Brief descriptive captions

↓↓↓

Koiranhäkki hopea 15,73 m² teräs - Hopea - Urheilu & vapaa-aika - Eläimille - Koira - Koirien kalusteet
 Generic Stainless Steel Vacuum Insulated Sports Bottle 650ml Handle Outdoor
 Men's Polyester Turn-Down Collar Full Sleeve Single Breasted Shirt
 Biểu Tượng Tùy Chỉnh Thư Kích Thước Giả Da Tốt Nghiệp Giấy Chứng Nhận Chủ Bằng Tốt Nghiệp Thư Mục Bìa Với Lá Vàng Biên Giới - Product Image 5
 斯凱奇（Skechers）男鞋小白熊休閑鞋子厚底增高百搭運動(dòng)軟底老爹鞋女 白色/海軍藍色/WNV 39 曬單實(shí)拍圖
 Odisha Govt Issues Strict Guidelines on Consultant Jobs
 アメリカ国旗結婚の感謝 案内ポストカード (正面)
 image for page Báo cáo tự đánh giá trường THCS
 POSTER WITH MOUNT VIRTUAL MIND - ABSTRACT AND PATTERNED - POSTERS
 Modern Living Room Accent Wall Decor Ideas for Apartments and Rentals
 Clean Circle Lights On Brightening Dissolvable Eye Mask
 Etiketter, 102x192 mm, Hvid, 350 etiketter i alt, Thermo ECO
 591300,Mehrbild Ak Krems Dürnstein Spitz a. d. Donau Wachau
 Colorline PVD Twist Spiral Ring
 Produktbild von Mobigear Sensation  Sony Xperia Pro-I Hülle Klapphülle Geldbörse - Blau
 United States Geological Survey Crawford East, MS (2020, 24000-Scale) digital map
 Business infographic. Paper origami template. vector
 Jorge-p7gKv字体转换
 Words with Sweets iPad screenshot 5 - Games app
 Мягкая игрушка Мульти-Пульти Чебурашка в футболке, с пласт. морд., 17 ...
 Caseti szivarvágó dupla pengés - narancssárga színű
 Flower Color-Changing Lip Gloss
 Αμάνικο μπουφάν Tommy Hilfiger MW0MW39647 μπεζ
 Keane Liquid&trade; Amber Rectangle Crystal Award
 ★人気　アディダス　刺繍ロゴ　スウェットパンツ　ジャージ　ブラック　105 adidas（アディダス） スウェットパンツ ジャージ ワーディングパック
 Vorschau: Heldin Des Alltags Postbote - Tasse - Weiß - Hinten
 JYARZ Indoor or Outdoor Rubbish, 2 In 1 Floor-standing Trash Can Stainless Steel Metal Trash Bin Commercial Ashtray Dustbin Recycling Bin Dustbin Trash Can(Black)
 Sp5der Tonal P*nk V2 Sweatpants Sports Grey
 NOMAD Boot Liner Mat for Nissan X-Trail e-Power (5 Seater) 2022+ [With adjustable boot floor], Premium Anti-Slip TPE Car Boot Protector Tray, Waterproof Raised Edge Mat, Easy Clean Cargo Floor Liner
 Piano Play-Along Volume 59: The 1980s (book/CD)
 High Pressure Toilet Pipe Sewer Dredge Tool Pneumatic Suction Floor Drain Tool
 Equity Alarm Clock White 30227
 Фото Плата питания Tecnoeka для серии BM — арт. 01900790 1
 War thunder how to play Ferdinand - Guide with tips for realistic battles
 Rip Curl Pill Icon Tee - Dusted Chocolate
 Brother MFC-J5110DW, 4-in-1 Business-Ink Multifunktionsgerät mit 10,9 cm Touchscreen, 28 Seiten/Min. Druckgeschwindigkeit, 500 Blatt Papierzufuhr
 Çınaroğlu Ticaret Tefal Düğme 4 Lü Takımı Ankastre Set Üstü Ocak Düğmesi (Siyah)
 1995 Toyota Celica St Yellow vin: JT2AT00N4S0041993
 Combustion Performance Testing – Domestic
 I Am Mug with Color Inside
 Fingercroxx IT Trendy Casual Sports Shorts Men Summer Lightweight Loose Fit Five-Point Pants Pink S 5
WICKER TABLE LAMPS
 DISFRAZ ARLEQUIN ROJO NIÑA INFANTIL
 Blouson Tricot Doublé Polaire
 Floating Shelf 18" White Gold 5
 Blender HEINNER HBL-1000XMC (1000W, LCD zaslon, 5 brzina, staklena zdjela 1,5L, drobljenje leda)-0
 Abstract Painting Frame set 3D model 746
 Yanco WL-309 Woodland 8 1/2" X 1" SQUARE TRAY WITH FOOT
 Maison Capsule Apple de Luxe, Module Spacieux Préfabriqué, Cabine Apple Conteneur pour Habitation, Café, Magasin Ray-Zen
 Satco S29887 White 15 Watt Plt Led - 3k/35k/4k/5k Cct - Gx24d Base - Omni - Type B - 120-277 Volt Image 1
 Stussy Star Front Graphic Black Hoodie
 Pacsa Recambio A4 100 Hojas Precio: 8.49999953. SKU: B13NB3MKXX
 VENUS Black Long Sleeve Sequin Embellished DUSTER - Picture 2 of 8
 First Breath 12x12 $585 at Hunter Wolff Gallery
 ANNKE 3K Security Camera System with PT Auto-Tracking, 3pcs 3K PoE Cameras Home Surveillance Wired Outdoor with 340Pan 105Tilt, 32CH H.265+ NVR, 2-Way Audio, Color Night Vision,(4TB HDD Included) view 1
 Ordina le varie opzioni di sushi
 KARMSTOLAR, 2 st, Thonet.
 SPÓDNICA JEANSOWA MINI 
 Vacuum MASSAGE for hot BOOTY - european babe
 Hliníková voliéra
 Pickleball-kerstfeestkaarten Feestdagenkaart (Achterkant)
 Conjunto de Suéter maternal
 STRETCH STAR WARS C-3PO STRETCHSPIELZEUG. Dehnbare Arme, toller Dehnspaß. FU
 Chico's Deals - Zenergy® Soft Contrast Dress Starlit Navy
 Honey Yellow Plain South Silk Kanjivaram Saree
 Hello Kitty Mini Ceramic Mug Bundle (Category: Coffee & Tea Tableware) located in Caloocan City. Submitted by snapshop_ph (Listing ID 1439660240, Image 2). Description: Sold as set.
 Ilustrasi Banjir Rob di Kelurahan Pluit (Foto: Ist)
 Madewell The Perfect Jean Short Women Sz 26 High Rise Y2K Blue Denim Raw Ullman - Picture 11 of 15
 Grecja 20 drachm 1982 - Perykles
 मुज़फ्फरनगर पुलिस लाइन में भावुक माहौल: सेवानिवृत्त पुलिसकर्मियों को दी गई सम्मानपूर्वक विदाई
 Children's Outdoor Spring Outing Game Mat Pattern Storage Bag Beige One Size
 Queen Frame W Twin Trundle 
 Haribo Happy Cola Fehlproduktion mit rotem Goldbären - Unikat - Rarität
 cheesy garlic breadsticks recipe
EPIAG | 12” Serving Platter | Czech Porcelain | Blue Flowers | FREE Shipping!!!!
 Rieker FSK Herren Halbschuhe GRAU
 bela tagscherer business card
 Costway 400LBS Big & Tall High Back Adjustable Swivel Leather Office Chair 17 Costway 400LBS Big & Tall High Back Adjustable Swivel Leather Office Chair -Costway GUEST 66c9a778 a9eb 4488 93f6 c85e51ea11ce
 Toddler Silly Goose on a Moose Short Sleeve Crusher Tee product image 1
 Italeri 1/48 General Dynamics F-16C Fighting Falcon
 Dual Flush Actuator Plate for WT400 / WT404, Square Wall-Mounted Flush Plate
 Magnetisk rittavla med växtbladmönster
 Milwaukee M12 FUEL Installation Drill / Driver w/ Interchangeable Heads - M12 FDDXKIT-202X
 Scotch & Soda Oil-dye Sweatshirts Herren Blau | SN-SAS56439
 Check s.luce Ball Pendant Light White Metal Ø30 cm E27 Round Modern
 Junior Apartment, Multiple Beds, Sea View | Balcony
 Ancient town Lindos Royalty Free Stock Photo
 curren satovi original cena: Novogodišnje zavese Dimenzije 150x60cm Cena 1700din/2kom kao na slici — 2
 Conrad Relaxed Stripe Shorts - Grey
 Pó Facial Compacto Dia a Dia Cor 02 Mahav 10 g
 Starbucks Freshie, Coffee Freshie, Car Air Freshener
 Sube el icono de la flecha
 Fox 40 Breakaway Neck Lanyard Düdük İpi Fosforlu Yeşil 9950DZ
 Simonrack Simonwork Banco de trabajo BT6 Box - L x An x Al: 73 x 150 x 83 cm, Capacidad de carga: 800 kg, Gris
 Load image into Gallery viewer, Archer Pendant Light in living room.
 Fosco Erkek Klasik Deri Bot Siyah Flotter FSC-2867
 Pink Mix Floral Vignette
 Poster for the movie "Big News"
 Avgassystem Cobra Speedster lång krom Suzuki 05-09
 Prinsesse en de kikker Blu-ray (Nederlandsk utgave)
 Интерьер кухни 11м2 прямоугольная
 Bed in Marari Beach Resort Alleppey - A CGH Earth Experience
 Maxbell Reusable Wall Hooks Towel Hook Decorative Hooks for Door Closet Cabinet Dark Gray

↑↑↑

Copy the records above exactly, beginning at the line that contains "Dual Flush Actuator" and stopping after the line that contains "Check s.luce Ball".

Problem solution
 Dual Flush Actuator Plate for WT400 / WT404, Square Wall-Mounted Flush Plate
 Magnetisk rittavla med växtbladmönster
 Milwaukee M12 FUEL Installation Drill / Driver w/ Interchangeable Heads - M12 FDDXKIT-202X
 Scotch & Soda Oil-dye Sweatshirts Herren Blau | SN-SAS56439
 Check s.luce Ball Pendant Light White Metal Ø30 cm E27 Round Modern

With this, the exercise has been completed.